---------- INFORMATION SHOWN

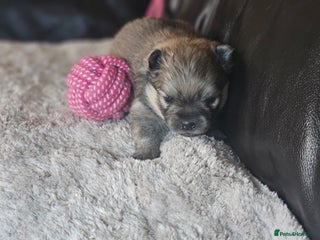 Pomeranian dogs 3 beautifull pomeranian puppies - Advert 6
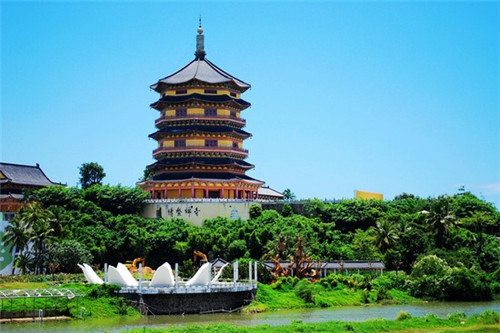 龙凤水饺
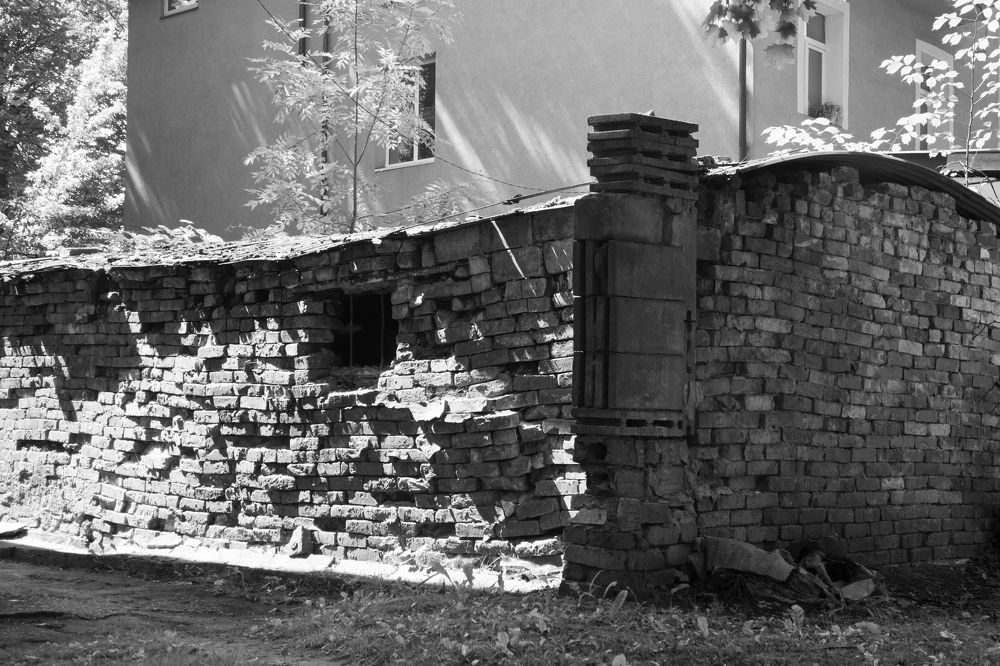 Photograph by Nadezhda Bakina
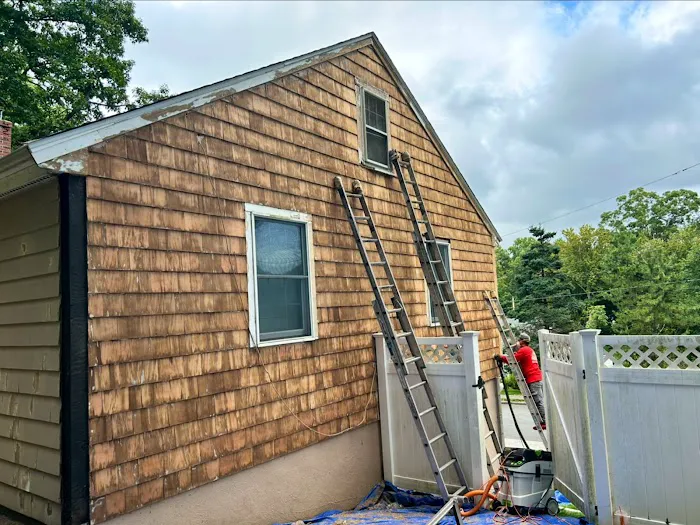 Pro residential painting Picture 9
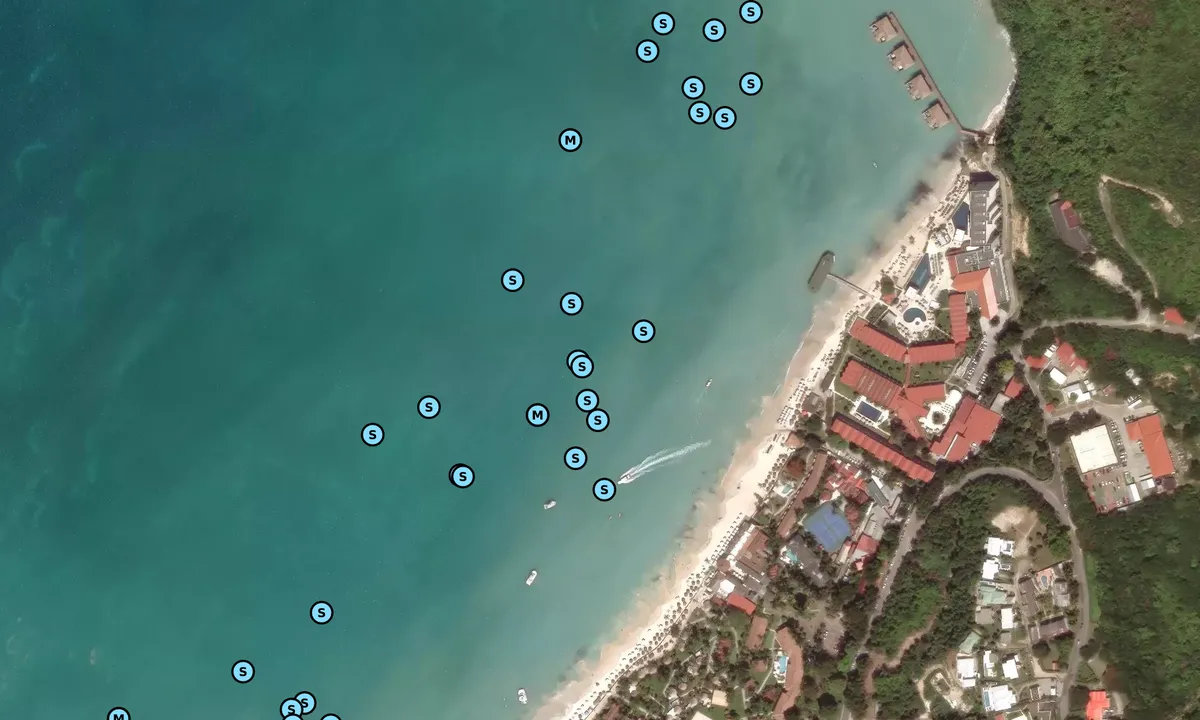 Satelite image of Dickenson Bay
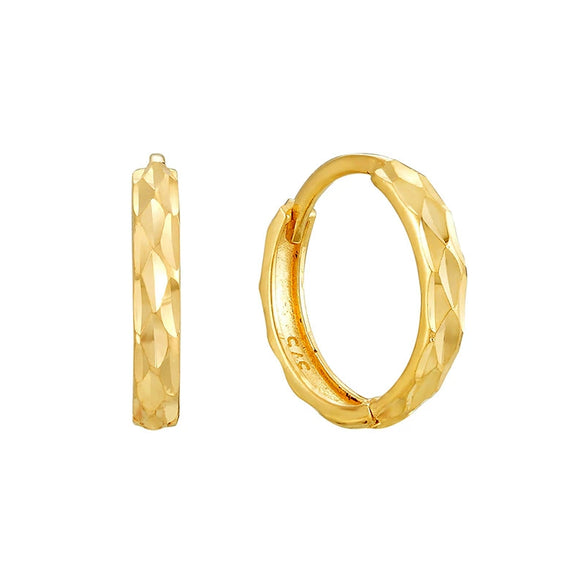 Wholesale Fashion Versatile Retro Elegant Geometric Ushape Silver Needle Copper Hoop Earrings For Women With Electroplating
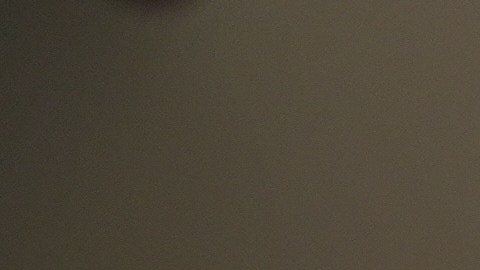 La administración Trump pide estatus migratorio de los beneficiarios.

--------------------

*HOW TO COMPLETE THIS TASK*.
Leave the images aside and return the records above exactly as written.

*FINISHED TASK*.
 Pomeranian dogs 3 beautifull pomeranian puppies - Advert 6
 龙凤水饺
 Photograph by Nadezhda Bakina
 Pro residential painting Picture 9
 Satelite image of Dickenson Bay
 Wholesale Fashion Versatile Retro Elegant Geometric Ushape Silver Needle Copper Hoop Earrings For Women With Electroplating
 La administración Trump pide estatus migratorio de los beneficiarios.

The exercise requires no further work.